Recorded data:

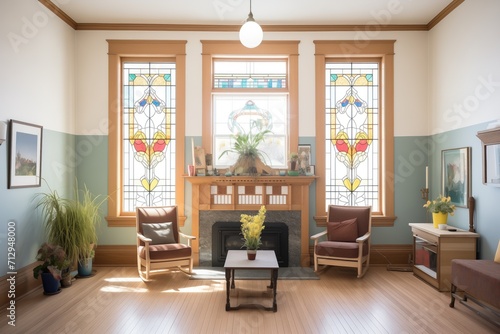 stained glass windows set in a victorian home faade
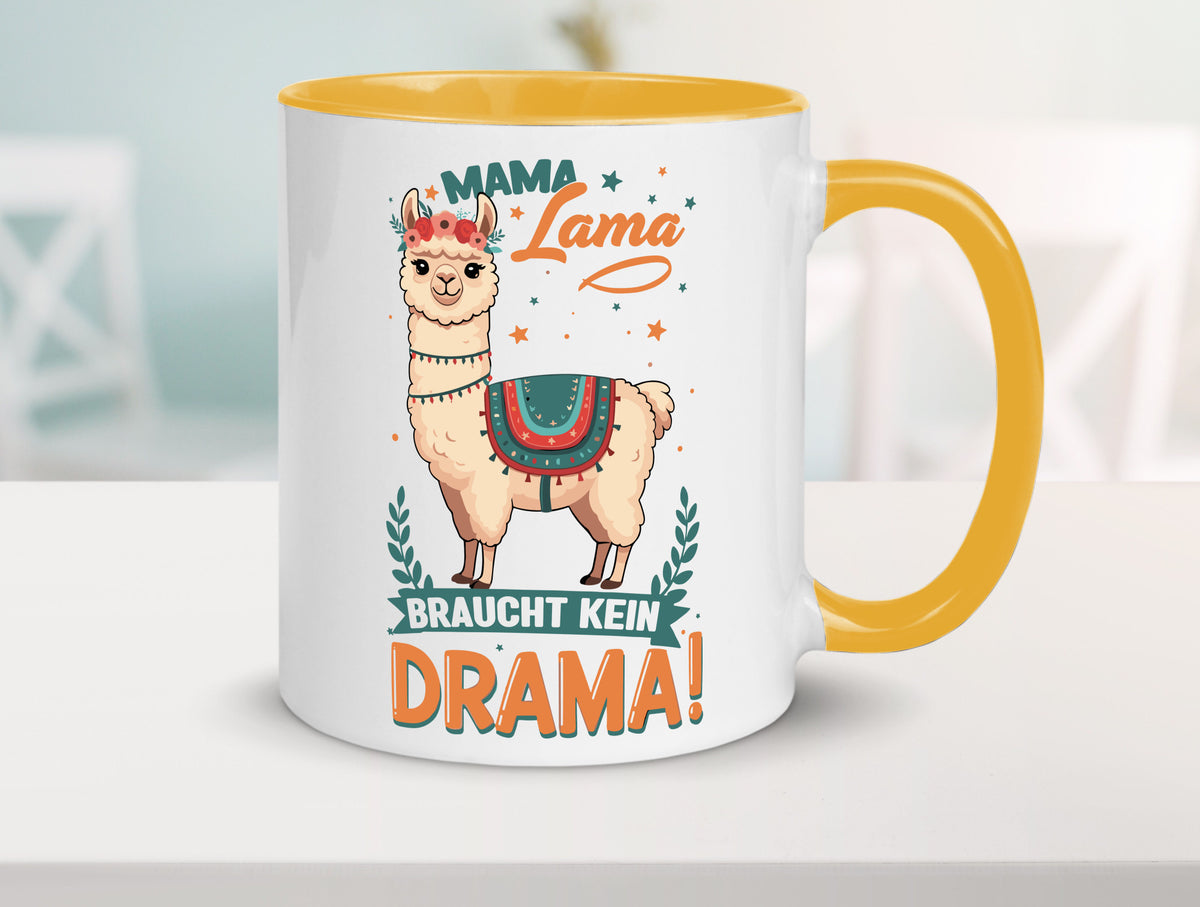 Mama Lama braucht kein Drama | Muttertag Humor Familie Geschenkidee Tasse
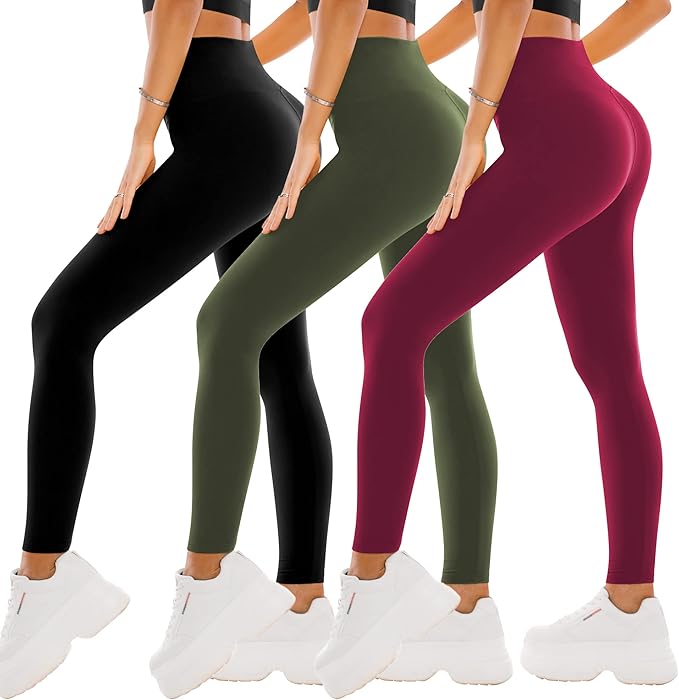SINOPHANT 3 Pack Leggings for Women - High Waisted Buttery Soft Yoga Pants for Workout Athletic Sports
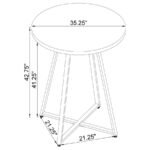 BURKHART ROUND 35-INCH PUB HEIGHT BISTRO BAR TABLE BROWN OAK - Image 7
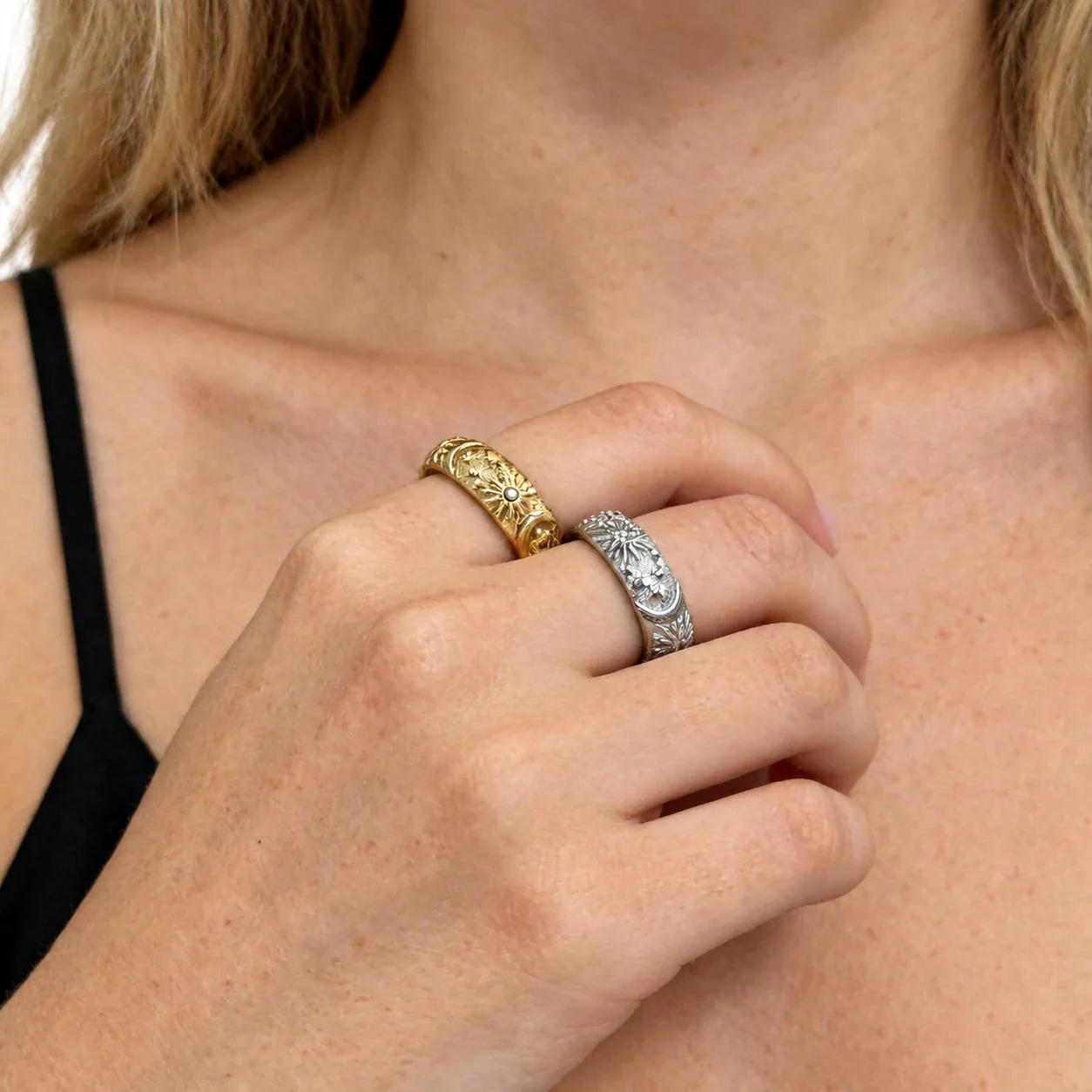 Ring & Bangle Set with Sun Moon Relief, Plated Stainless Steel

Work required: All of the material is to be reproduced verbatim, pictures excluded.

Task answer:
 stained glass windows set in a victorian home faade
 Mama Lama braucht kein Drama | Muttertag Humor Familie Geschenkidee Tasse
SINOPHANT 3 Pack Leggings for Women - High Waisted Buttery Soft Yoga Pants for Workout Athletic Sports
 BURKHART ROUND 35-INCH PUB HEIGHT BISTRO BAR TABLE BROWN OAK - Image 7
 Ring & Bangle Set with Sun Moon Relief, Plated Stainless Steel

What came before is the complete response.